La risa maníaca, el fuego, la destrucción, las cenizas.
La muerte.
Ni siquiera le tomó un minuto. En segundos, Chūya redujo un poblado a la
nada misma. Para cuando terminó, Fyodor también bajó por la colina para
alcanzarlo.
—¿Chūya? —Titubeó, luego acunó la mejilla de Chūya con suavidad y la
elevó un poco, para hacer contacto visual—. ¿Cómo te sientes?
Chūya exhaló ruidosamente un par de veces y se miró las manos. Las
marcas de Corrupción habían desaparecido por completo y su piel estaba
inmaculada una vez más. No sentía un asqueroso sabor sangre ensuciando su
paladar y aunque el cuerpo le dolía ligeramente, podía sostenerse él sólo. Una
pastilla, y su cuerpo se sentiría como siempre.
—¿Chūya…? —Fyodor preguntó una vez más y Chūya le sonrió satisfecho.
—Puedo controlarlo. —Dijo. El pelinegro asintió a medias y lo miró largo
rato en silencio. Buscando con la mirada cualquier indicio de sangre o heridas.
No encontró nada evidente.
—Sí… parece que sí… —Chūya dio un paso más cerca de él y apretó con su
mano la contraria.
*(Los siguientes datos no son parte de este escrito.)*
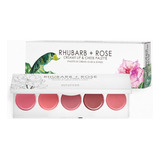 Paleta De Blush Seraphine Botanicals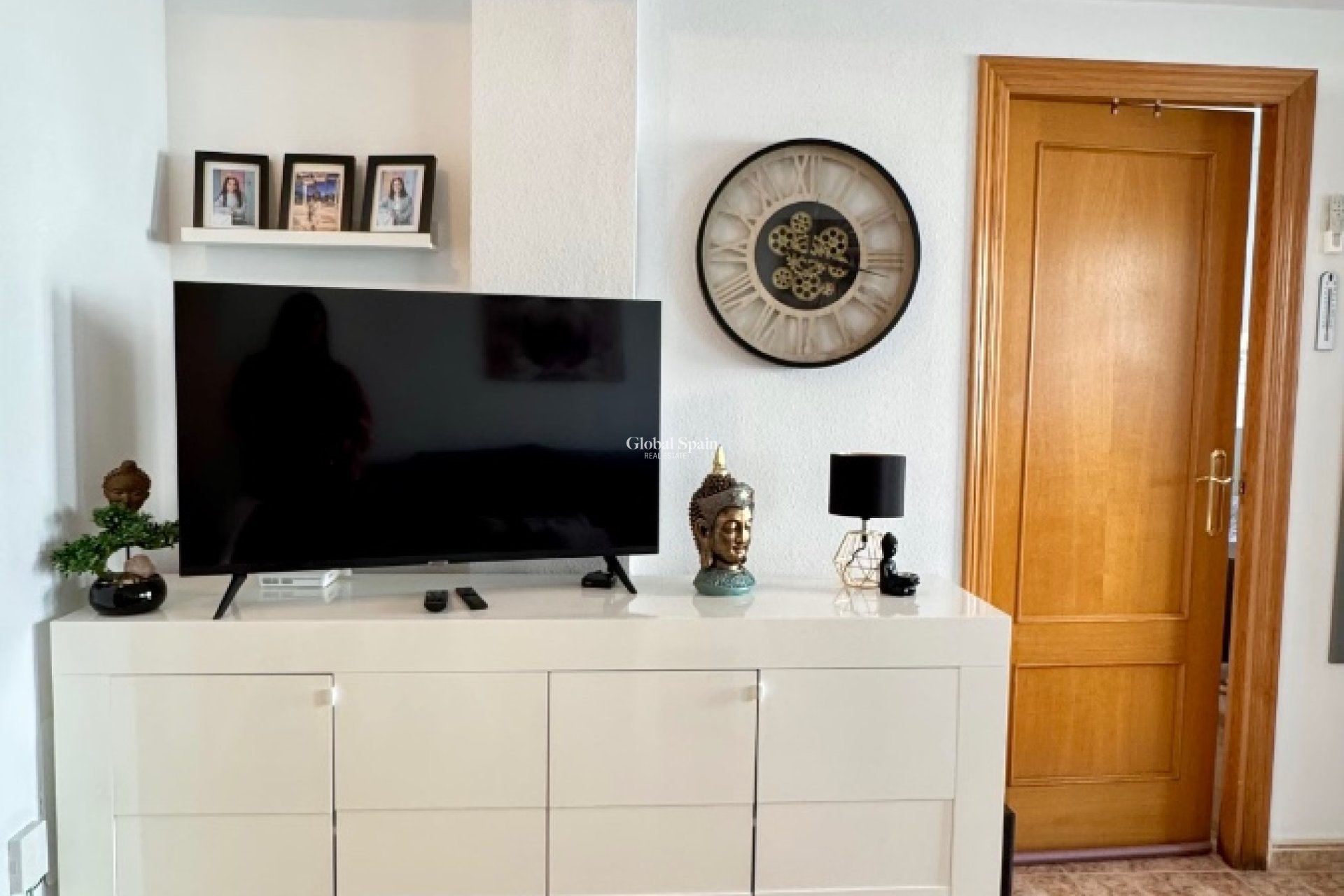 Revente - APPARTEMENT -
ORIHUELA COSTA - Costa Blanca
El toque de Fyodor en su mejilla ardía tan familiarmente.
Tan enloquecedoramente.
—Fue gracias a ti. —Susurró. Fyodor deslizó entonces su brazo libre por
la espalda de Chūya y lo atrajo lo más cerca posible de él.
—¿Lo fue? —Chūya chasqueó la lengua y una risa violenta escapó de lo más
profundo de su garganta.
—Lo es.
—Lo es.
Fyodor se inclinó torpemente hacia adelante y Chūya lo orientó con más
elegancia hacia sus labios. Dostoyevski no sabía, no podía, era evidente, pero
Chūya logró moverse por los dos y pronto convirtió el apático roce en algo más
candente y voraz. Arrastró la lengua por los labios ajenos y empujó un poco
bruscamente la misma dentro la boca contraria, atrapando la de Fyodor en
segundos y envolviéndola con la suya.
Cuando se separaron, el comúnmente pálido rostro de Dostoyevski estaba
salpicado de tonos rosáceos, los ojos vidriosos y la pupila dilatada se tragaba
el púrpura rojizo de sus iris. Chūya se sacudió un poco al recordar, por un
instante, que él ya había apreciado una imagen similar antes… Pero empujó la
memoria, en este instante no servía, y quizás eso ni siquiera le pertenecía.
—Daría mi vida por ti. —Sentenció. Fyodor inspiró muy fuerte y Chūya se
burló de él—; no puede ser tan increíble.
—No quiero que mueras por mí, —Fyodor se quitó el sombrero de Chūya de
la cabeza y lo colocó suavemente donde debería estar, luego sacó los guantes de
sus bolsillos y los puso con elegancia en las manos contrarias—. En realidad…
—Se despojó de la gabardina blanca que colgaba de sus hombros también y arropó
a Chūya con infinito cuidado—; quiero que mates por mí. —Chūya inclinó la
cabeza y se burló otra vez.
—Cuando quieras, siempre que lo necesites. Estoy para servirte.
Fyodor le sonrió y una vez más, Chūya se abalanzó contra sus labios.